Required action »
Could you write out the lines below exactly, beginning with the first and finishing with the one that contains "Before Image: 1"?

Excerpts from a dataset
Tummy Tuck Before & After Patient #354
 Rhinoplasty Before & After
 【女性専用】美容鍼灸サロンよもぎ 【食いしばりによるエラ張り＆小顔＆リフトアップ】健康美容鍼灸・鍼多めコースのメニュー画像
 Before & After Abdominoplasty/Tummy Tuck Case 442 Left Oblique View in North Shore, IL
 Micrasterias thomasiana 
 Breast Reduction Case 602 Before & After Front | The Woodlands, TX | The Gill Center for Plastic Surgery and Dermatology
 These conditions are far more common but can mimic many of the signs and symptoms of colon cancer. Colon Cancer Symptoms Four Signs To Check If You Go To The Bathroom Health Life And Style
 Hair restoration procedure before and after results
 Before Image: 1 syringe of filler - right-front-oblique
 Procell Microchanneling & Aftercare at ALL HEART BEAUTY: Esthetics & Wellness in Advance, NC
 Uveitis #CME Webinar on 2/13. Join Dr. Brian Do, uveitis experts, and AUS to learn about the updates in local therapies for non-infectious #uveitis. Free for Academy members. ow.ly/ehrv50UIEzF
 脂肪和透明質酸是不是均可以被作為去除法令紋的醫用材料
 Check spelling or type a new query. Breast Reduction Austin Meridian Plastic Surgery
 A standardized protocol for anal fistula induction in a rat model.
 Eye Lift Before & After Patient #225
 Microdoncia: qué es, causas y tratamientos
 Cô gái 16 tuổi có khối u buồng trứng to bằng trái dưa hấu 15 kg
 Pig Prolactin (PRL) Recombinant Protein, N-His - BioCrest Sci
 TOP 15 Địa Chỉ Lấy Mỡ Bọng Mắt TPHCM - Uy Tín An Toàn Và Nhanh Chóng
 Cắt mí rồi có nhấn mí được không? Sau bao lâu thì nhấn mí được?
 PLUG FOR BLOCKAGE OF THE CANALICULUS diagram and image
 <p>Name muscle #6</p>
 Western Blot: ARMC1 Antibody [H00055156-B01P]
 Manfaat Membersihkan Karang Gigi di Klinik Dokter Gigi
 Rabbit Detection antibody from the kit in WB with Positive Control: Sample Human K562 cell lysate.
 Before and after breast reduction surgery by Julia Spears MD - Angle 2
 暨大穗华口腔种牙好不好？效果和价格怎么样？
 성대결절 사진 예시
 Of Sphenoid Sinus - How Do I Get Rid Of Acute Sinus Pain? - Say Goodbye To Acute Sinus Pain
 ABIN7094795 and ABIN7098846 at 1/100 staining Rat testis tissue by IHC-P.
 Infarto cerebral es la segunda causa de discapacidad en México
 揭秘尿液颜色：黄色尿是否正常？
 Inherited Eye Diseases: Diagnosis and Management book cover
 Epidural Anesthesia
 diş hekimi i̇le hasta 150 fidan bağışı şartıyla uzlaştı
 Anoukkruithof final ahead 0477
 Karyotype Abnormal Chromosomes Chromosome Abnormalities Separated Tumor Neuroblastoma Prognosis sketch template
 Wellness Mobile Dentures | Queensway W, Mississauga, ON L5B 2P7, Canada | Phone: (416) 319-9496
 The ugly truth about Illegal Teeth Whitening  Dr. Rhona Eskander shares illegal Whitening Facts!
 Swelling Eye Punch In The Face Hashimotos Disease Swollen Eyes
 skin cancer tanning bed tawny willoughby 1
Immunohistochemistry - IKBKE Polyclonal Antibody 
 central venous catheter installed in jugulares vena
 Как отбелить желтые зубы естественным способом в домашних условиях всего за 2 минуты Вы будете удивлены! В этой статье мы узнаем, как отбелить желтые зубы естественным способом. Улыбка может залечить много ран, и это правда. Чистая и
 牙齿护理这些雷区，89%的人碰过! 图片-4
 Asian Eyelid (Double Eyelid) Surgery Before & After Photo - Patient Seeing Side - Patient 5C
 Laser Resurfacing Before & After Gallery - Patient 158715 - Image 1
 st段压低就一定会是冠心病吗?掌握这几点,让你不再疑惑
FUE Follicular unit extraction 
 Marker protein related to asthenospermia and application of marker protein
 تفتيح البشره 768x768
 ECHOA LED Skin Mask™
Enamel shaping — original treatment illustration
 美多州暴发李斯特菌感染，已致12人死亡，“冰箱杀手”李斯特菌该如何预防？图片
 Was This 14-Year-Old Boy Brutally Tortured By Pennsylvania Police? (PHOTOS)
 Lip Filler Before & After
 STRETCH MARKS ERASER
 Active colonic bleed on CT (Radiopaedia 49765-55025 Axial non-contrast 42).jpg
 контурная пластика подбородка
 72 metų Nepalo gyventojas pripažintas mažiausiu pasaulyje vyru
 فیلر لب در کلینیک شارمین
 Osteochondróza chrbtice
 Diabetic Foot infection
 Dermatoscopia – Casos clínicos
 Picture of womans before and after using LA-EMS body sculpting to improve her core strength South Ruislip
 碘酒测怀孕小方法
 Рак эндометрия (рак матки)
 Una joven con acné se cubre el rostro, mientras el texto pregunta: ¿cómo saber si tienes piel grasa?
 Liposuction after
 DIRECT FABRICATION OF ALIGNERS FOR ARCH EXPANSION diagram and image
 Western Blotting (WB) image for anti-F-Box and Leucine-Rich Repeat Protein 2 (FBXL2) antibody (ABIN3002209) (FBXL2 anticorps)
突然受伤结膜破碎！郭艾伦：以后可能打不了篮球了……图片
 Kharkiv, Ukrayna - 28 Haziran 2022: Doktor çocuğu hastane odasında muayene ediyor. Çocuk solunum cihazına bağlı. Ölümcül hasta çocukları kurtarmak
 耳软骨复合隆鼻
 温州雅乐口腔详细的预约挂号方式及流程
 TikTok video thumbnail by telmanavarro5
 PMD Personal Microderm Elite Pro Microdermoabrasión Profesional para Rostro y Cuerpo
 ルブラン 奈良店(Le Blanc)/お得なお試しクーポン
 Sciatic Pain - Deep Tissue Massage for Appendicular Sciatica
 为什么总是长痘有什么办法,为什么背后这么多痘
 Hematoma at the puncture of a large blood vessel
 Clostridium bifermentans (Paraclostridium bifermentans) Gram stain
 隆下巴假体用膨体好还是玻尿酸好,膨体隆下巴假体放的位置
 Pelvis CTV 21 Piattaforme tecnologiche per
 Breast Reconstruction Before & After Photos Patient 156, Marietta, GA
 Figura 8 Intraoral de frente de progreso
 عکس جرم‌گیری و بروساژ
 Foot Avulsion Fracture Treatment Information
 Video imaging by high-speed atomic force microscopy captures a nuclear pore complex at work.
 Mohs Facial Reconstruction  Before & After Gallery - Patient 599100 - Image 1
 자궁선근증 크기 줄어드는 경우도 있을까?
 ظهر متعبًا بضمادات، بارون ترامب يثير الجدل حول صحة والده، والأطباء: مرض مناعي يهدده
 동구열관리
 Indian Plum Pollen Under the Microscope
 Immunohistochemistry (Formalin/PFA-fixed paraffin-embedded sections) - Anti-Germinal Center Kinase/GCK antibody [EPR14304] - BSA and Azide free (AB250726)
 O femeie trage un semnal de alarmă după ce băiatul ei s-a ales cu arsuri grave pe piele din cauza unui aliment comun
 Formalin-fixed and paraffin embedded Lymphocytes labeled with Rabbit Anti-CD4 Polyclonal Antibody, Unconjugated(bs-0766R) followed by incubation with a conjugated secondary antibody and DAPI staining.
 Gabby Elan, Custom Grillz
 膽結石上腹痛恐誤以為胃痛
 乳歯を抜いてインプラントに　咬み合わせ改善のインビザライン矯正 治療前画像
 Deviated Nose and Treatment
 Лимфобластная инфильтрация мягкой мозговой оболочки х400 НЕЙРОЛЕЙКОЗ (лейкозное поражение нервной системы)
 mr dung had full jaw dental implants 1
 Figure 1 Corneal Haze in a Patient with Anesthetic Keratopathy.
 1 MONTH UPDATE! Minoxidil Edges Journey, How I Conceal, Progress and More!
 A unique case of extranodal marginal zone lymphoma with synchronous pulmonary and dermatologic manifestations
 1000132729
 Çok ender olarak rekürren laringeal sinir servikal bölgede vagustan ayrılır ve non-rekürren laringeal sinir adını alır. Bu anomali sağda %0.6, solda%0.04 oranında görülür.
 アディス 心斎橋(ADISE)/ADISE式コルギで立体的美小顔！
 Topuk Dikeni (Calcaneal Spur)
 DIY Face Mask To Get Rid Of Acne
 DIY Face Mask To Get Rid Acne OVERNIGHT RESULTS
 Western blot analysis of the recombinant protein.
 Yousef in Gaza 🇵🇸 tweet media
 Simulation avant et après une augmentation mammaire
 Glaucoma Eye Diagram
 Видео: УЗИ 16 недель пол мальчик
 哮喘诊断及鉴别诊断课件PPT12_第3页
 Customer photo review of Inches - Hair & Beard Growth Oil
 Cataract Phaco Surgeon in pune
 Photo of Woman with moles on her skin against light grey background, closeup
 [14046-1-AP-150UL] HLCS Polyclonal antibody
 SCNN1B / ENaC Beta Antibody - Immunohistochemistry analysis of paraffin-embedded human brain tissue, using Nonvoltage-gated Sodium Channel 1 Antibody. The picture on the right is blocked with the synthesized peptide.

Result of the task »
Tummy Tuck Before & After Patient #354
 Rhinoplasty Before & After
 【女性専用】美容鍼灸サロンよもぎ 【食いしばりによるエラ張り＆小顔＆リフトアップ】健康美容鍼灸・鍼多めコースのメニュー画像
 Before & After Abdominoplasty/Tummy Tuck Case 442 Left Oblique View in North Shore, IL
 Micrasterias thomasiana 
 Breast Reduction Case 602 Before & After Front | The Woodlands, TX | The Gill Center for Plastic Surgery and Dermatology
 These conditions are far more common but can mimic many of the signs and symptoms of colon cancer. Colon Cancer Symptoms Four Signs To Check If You Go To The Bathroom Health Life And Style
 Hair restoration procedure before and after results
 Before Image: 1 syringe of filler - right-front-oblique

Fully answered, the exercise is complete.